Steven Spielberg was the right guy to direct “The Adventures of Tintin” but he still hasn’t solved the problems of motion-capture animation.

In the new film, characters still have that audio-animatronic look that made “The Polar Express” and “A Christmas Carol” so creepy.

Realizing as much, Spielberg keeps a lot of scenes in the dark and shows characters from the side and the back as much as possible.

Still, when he shows Tintin, a Neil Patrick Harris clone, head-on, it’s a bit unsettling. Looking like a wax figure, he’s not quite the boy we’d hoped he be.

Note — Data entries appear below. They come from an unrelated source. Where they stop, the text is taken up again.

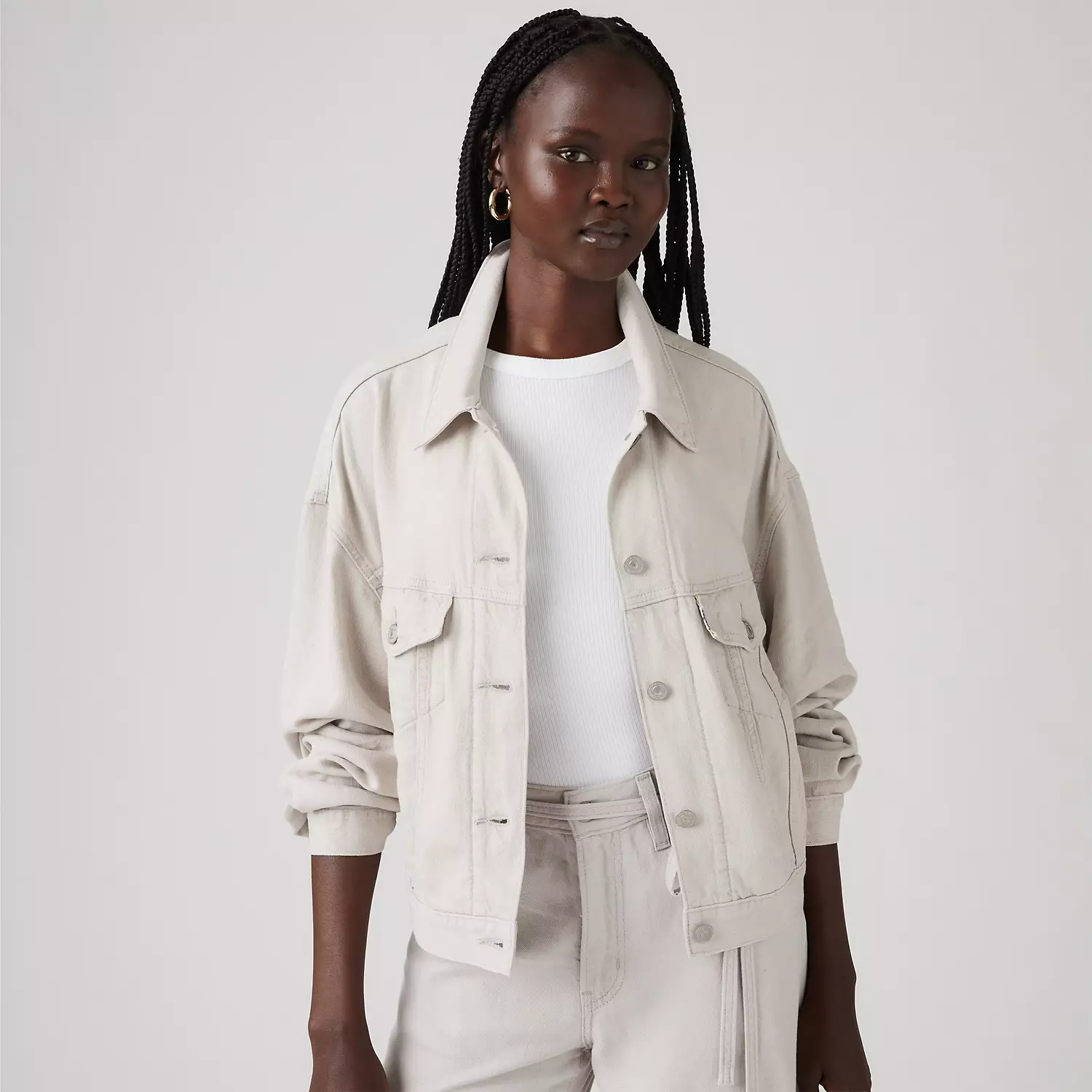 Укороченная легкая куртка Trucker из льняной смеси в стиле 90-х годов Levi's, цвет Crystal Gray - Grey, Серый, Укороченная легкая куртка Trucker из льняной смеси в стиле 90-х годов Levi's, цвет Crystal Gray - Grey
Укороченная легкая куртка Trucker из льняной смеси в стиле 90-х годов Levi's, цвет Crystal Gray - Grey, Серый, Укороченная легкая куртка Trucker из льняной смеси в стиле 90-х годов Levi's, цвет Crystal Gray - Grey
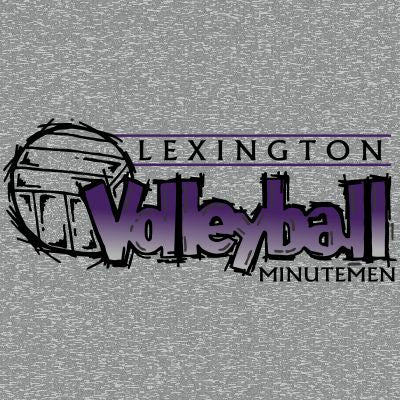 Volleyball Design Template 07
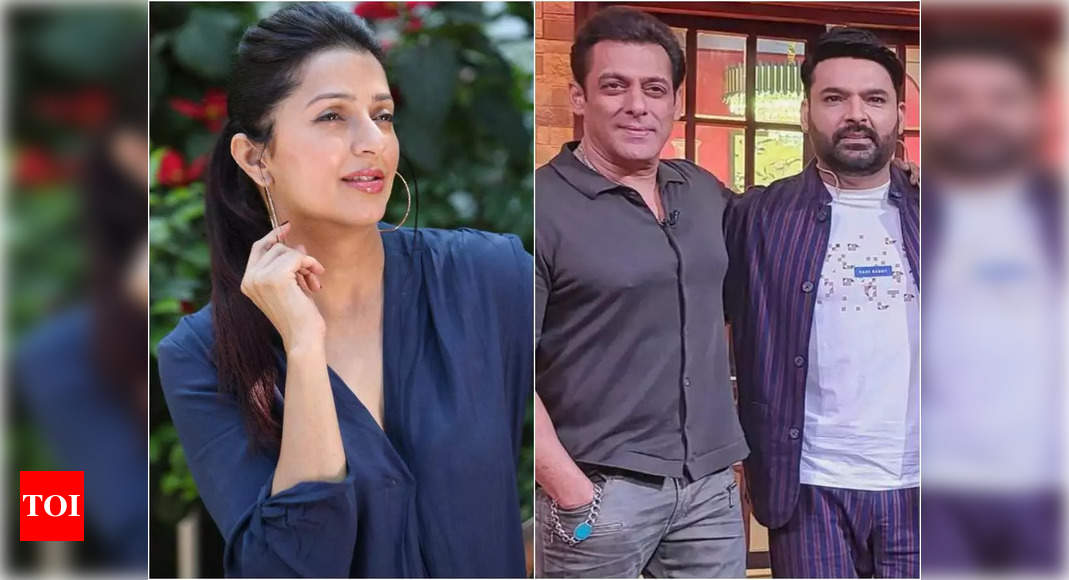 Bhumika Chawla reveals she felt bad for not being invited to The Kapil Sharma Show: I had no idea when it was shot – Times of India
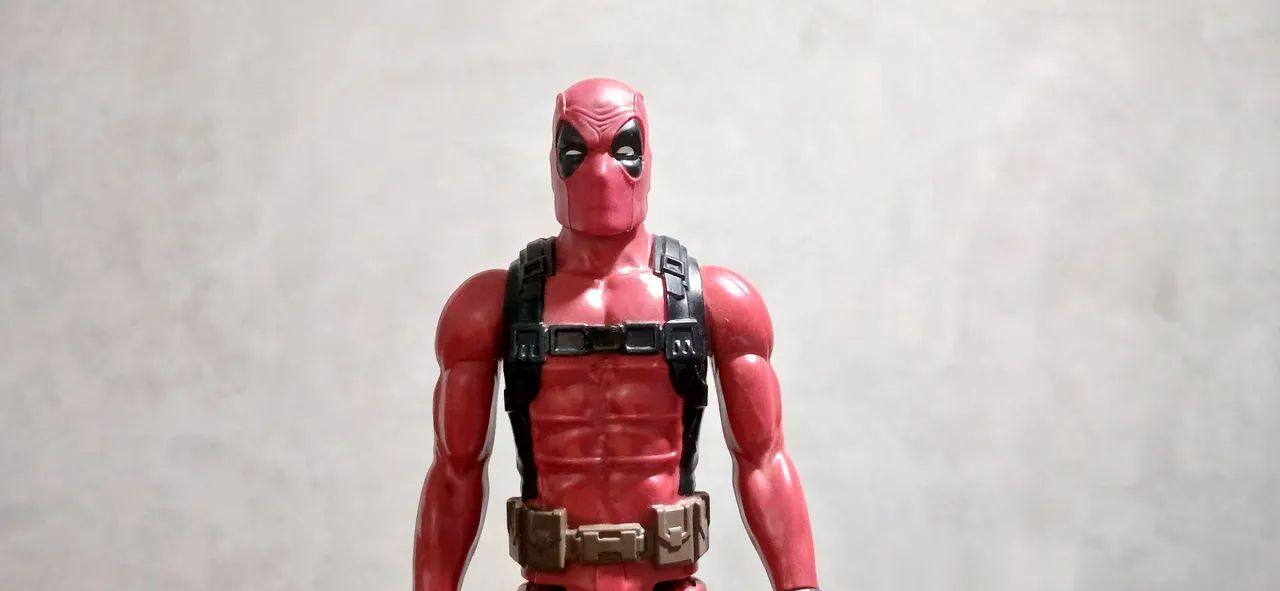 Boneco Deadpool 30cm  - Foto 2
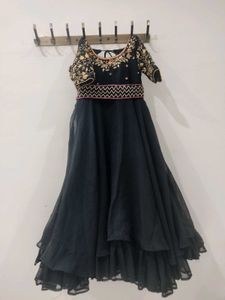 5yrs Old Customised Long Frock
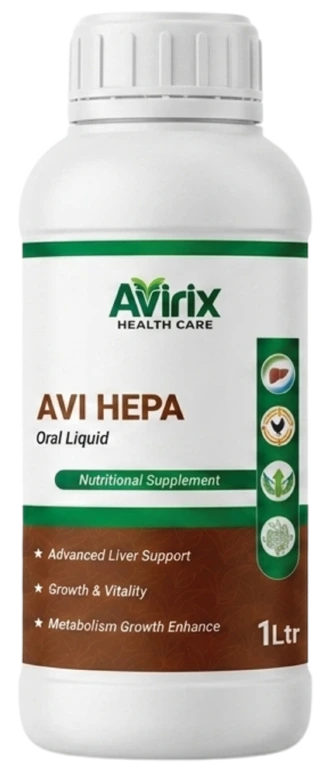 AVI HEPA poultry product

The story? Packed with action – which begs the question, Why do this as an animated film? Easily, it could have been a junior “Raiders of the Lost Ark,” filled with more adventure per minute than most video games.

Jamie Bell – the boy in “Billy Elliot” – provides the voice for Tintin, a kid with a dog, a scroll and a quest for adventure. He uses just about every mode of transportation available to help an old sailor (voiced by Andy Serkis, the king of motion-capture acting) connect the dots to his own lost ark.

The two (and Tintin’s lovable dog Snowy) move quickly but can’t sidestep an opera singer (boring) or a bunch of snakes.
Spielberg does a great job with 3D (putting the audience on Tintin’s shoulders as he ziplines through cities, flies over deserts and slips out of a ship of pirates. He’s a cool kid – despite his Bob’s Big Boy look. Bell makes him every bit as attractive as Indiana Jones but, again, he can’t dodge the problems inherent in motion-capture.

Clearly, pioneers like Spielberg and Bob Zemeckis think there’s value in a process that doesn’t require actors to run around sets.
Until it looks better, we’re skeptical. Tintin is a strong, heroic kid – a real role model.

But he isn’t going to win new converts if he’s just another pawn in a filmmakers’ test reel.